#### [WHAT YOU HAVE TO DO]
Please output the line containing "Apartamento Koselig Nyoppusset" and all lines that follow it in the data below, exactly, with no pictures.

#### [SOURCE DATA]
##############################
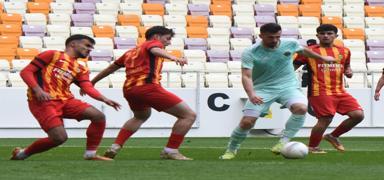 Ayoba Kayode, Esenler Erokspor'a 3 puan getirdi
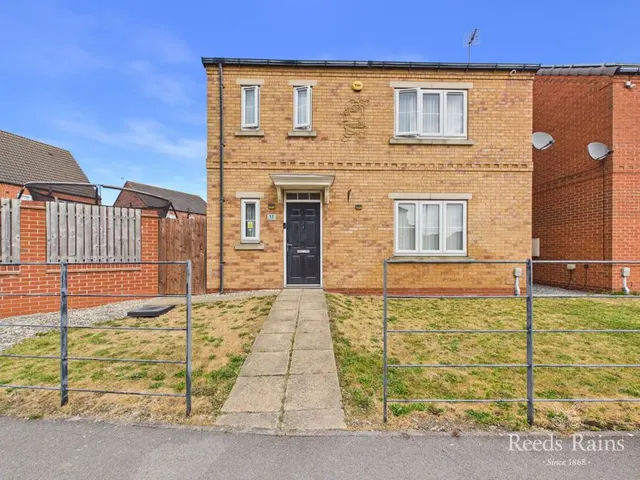 3 bedroom house — Richmond Lane, Kingswood, East Riding of Yorkshire, HU7
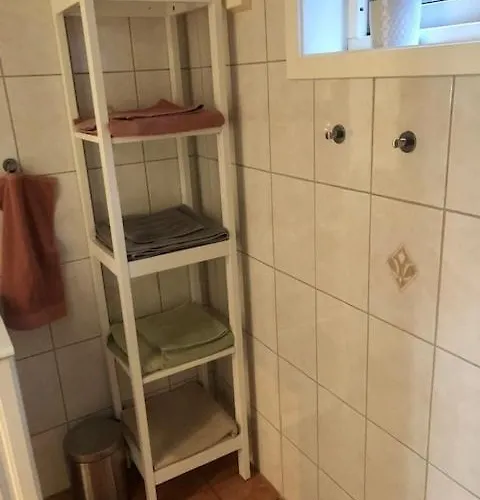 Apartamento Koselig Nyoppusset 3 Roms Med Egen Parkeringsplass I Rolige Omgivelse Naer Sjoen, 2 Mil Nord For Sentrum. *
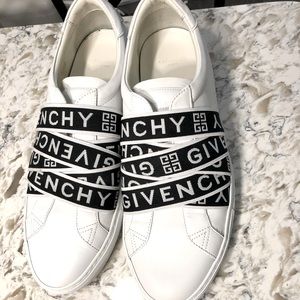 Givenchy SNKR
##############################
#### [RESULT OF THIS EXERCISE]
 Apartamento Koselig Nyoppusset 3 Roms Med Egen Parkeringsplass I Rolige Omgivelse Naer Sjoen, 2 Mil Nord For Sentrum. *
 Givenchy SNKR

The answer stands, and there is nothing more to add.